Copy nothing from the entries below except the lines from the one containing "Designer Mint Green" through the one containing "Erawan waterfall in", and copy those exactly.

**GIVEN INFORMATION**.
..........

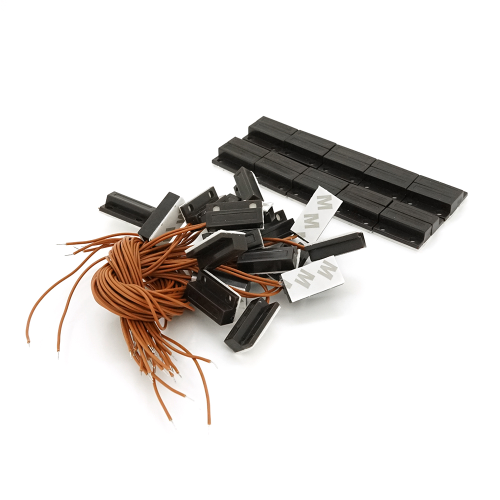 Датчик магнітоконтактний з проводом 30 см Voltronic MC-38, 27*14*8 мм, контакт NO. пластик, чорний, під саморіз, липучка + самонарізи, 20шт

..........

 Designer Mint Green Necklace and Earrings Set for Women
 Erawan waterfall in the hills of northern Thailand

..........

**ANSWER BOX**.
 Designer Mint Green Necklace and Earrings Set for Women
 Erawan waterfall in the hills of northern Thailand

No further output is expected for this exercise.